Programming Models for Distributed Computing Yannis Smaragdakis

These talks first examine distributed computing from a languages/software engineering standpoint, and subsequently use the distributed programming domain to motivate program generation: a general and powerful approach to automating programming tasks.

We begin with a simple-to-state but important problem: how to define middleware that allows the programmer to think of a distributed application largely as a centralized one, while maintaining efficiency and expressiveness. Our NRMI middleware facility is the first to support call-by-copy-restore semantics for arbitrary pointer-based data, letting the programmer think of a remote procedure call much like a local one in many useful cases. We show that NRMI is significantly easier to use than traditional RPC middleware, yet maintains efficiency and full programmer control.

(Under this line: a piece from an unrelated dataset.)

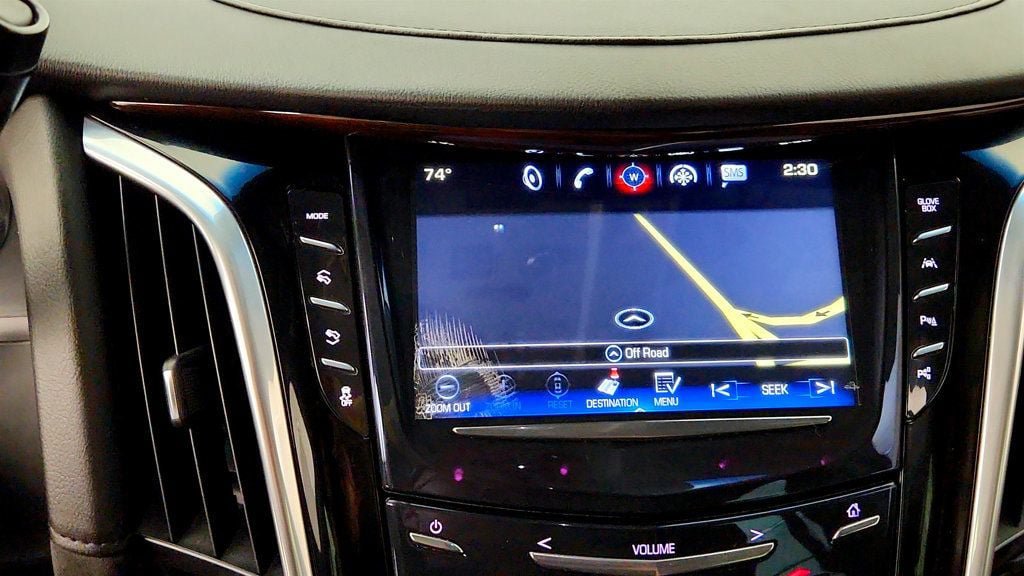 Used 2019 Cadillac Escalade Luxury AWD/4WD image 20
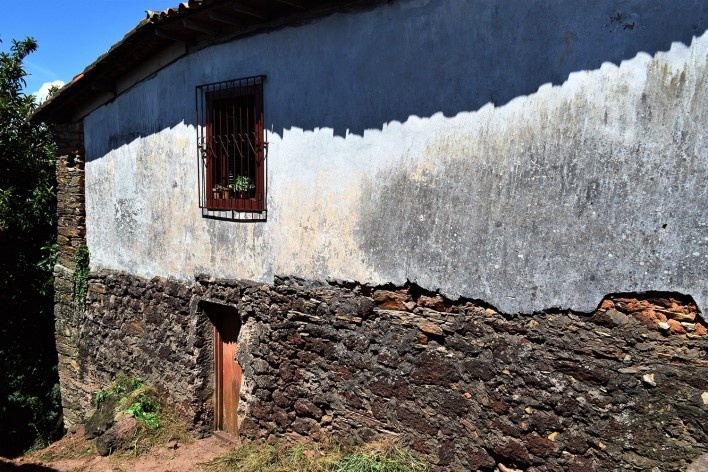 Parede de pau a pique assentada sobre fundação de canga, Ouro Preto MG, 2014<br />Foto Elio Moroni Filho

If we take the task of simplifying distributed programming to the extreme, we encounter systems that allow unsuspecting programs to execute in a distributed environment. Typically such systems use program generation extensively. We briefly present our J-Orchestra system for automatically enabling Java programs to execute in a distributed setting. We then discuss the impact that the J-Orchestra program transformation techniques have had on a large open-source project (JBoss).

Staged Programming Walid Taha

Multi-stage programming is a paradigm for writing generic programs that do not pay a runtime overhead. The key underlying technology is program generation. In addition, languages designed to support this paradigm (such as MetaOCaml) help the programmer avoid many of the difficulties that are traditionally encountered in developing program generators. These lectures will introduce you to the basics of this paradigm as well as of programming in MetaOCaml. Numerous examples will be used to illustrate the practice of multi-stage programming.

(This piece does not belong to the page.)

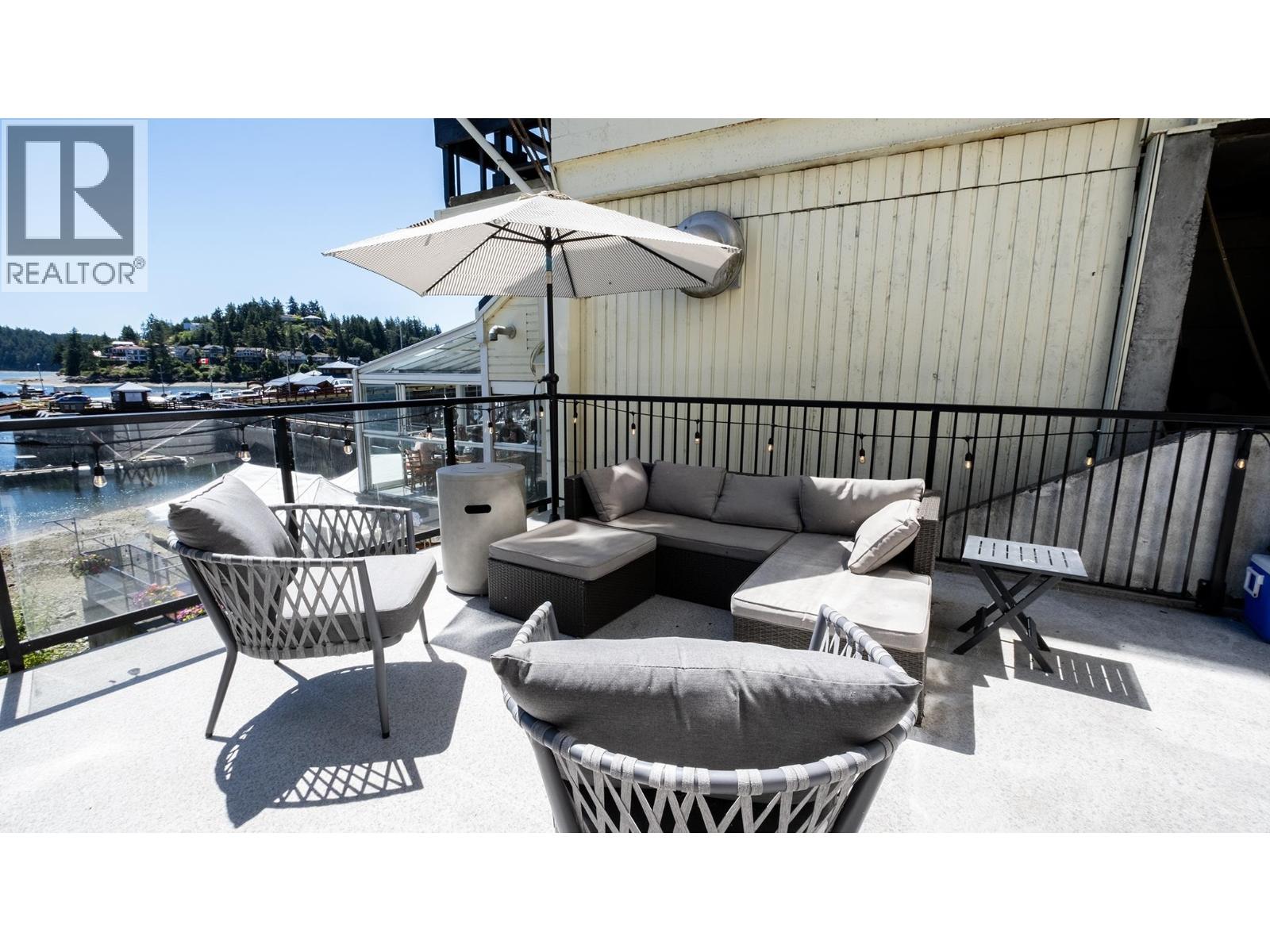 416 MARINE DRIVE, Gibsons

Fault Tolerant Computing David August

As chip densities and clock rates increase, processors are becoming more susceptible to intermittent faults caused by external events such as background radiation. These faults, called transient faults, do not cause permanent damage but may alter computation or state, resulting in incorrect program execution. Computer scientists must now learn to build reliable systems from unreliable components. In this track, we will explore the nature of transient faults and of mechanisms designed to protect against them. We will examine the role languages and compilers may play in creating radiation hardened programs. We will also consider new opportunities made possible by languages which embrace potentially incorrect behavior. We will evaluate these ideas both empirically, by running experiments, and theoretically, by using formal methods to prove properties of fault-tolerant software.

Scalable Defect Detection Manuvir Das, Daniel Wang, Zhe Yang

Software in the real world has two characteristics that make automated program analysis difficult to apply: First, programs are large enough that scalability is of critical importance (anything super-linear in practice is out of the question). Second, programmers work against tight deadlines and are loathe to invest time examining defect messages that are not derived from actual executions. Therefore, accuracy is equally important.

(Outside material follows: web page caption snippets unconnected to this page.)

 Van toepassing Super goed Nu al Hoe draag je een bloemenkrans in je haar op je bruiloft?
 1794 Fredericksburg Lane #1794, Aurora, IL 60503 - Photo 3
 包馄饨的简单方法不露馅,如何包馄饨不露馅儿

We in the Program Analysis Group at Microsoft have spent the last few years overcoming these challenges, using two techniques: The first technique is to perform a combination of weak but fast global analysis everywhere and precise but slow analysis in a few, automatically determined, regions of the code. The second technique is to require programmer added interface annotations of function pre-conditions and post-conditions, followed by strong modular analysis to validate the code. The technique is strengthened through the use of weak global analysis to automatically infer many of the interface annotations.

In this series of lectures, we will cover the analysis principles and techniques behind our solutions, practical choices made along the way, and empirical results. We have used our tools to find tens of thousands of defects that have been fixed by programmers during development of currently available products.